Today, 145 House Democrats signed onto an amicus brief denouncing DOMA as unconstitutional. The amicus brief was in support of Edie Windsor, in the case of Edith Schlain Windsor v. United States of America.
“Edith ‘Edie’ Windsor, 83, a constituent of Rep. Nadler’s in New York City, challenged DOMA in court after the federal government taxed her more than $363,000 when her spouse, Thea Spyer, passed away in 2009,” a press release from House Minority Leader Nancy Pelosi‘s office, explaining the amicus brief, reads. “Edie and Thea first met in 1963 and married in 2007 after an engagement that lasted more than 40 years. Yet, when Thea died, the federal government treated them as complete strangers because of DOMA, significantly reducing Edie’s inheritance by depriving her of the marital deduction that otherwise allows a married couple to pass property to the surviving spouse without tax penalty.”

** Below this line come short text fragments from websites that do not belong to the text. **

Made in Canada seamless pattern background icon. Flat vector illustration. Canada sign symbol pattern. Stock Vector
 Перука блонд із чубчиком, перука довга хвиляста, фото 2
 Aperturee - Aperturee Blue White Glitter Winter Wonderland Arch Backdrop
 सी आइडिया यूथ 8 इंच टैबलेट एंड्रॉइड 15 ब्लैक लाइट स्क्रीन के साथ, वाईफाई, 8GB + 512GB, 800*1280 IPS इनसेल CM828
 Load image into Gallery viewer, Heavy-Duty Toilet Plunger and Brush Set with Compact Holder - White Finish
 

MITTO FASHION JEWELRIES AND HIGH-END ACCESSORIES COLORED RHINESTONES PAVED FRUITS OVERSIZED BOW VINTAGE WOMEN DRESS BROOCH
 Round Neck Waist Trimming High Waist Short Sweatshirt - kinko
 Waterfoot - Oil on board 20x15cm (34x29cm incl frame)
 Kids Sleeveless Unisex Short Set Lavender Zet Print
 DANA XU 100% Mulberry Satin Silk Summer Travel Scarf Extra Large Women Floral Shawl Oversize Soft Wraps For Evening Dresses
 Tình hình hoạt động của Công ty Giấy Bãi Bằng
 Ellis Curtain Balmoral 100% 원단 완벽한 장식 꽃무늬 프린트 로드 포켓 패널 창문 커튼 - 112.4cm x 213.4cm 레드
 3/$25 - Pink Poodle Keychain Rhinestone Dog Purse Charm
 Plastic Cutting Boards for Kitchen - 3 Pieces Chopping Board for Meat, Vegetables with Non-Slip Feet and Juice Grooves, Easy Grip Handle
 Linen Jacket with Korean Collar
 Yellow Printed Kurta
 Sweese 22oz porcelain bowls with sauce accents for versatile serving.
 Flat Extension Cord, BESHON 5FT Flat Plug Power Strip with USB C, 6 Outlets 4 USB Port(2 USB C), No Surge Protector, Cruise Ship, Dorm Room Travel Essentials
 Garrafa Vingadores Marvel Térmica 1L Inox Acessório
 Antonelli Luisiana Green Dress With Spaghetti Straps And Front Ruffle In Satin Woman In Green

The brief argues that Congress did not act with caution, but hastily and without due consideration of the relevant issues. Section 3 [of DOMA] cannot be viewed as a benign exercise of Congressional authority, as a clear aim and effect of this law was to disapprove and disadvantage lesbians and gay men. As a result, and unlike most Acts of Congress, DOMA cannot be viewed as the rational result of impartial lawmaking and should be treated with judicial skepticism.
The brief makes it clear that the House is not united on DOMA’s validity, that the BLAG lawyers do not speak for the entire institution, and that there is no legitimate federal interest in denying married same-sex couples the legal security, rights and responsibilities that federal law provides to couples who are married under state law. Section 3 does not affect married heterosexual couples and their children, who are recognized regardless of DOMA. And this law affirmatively harms married gay and lesbian couples and their children.
As the House amici point out to the court, “it is impossible to believe that any legitimate federal interest is rationally served by depriving a widow like [Edie] Windsor of the marital deduction that allows married couples to pass property to the surviving spouse without penalty, thus maximizing the survivor’s financial well-being.”
In short, the amicus brief, which garnered 13 more co-signers than a similar one filed by House Democrats in July, in the case of Golinski v. U.S. Office of Personnel Management, specifically notes that the House is not of one mind on DOMA, and the signatories believe it unconstitutional and are opposed to Speaker of the House John Boehner‘s attempts t0 defend the law — already found unconstitutional by several federal court judges.
In fact, Boehner’s hand-picked attorney who is defending DOMA in court, with a budget of up to $1.5 million, has lost every single case — five now — he has tried. Yet Speaker Boehner, who, by the way, appointed National Organization For Marriage co-founder Robert P. George — tied to the flawed Regnerus anti-gay parenting “study” — to the United States Commission for International Religious Freedom (USCIRF), making George an employee of the U.S. government. Boehner also insists on defending a law that seven out of ten constitutional law professors believe is unconstitutional.
The amicus brief includes signatures from Minority Leader Nancy Pelosi, House Whip Steny Hoyer, Jerrold Nadler, James Clyburn, and John Conyers, along with members of the House LGBT Caucus: Barney Frank, Tammy Baldwin, Jared Polis, and David N. Cicilline.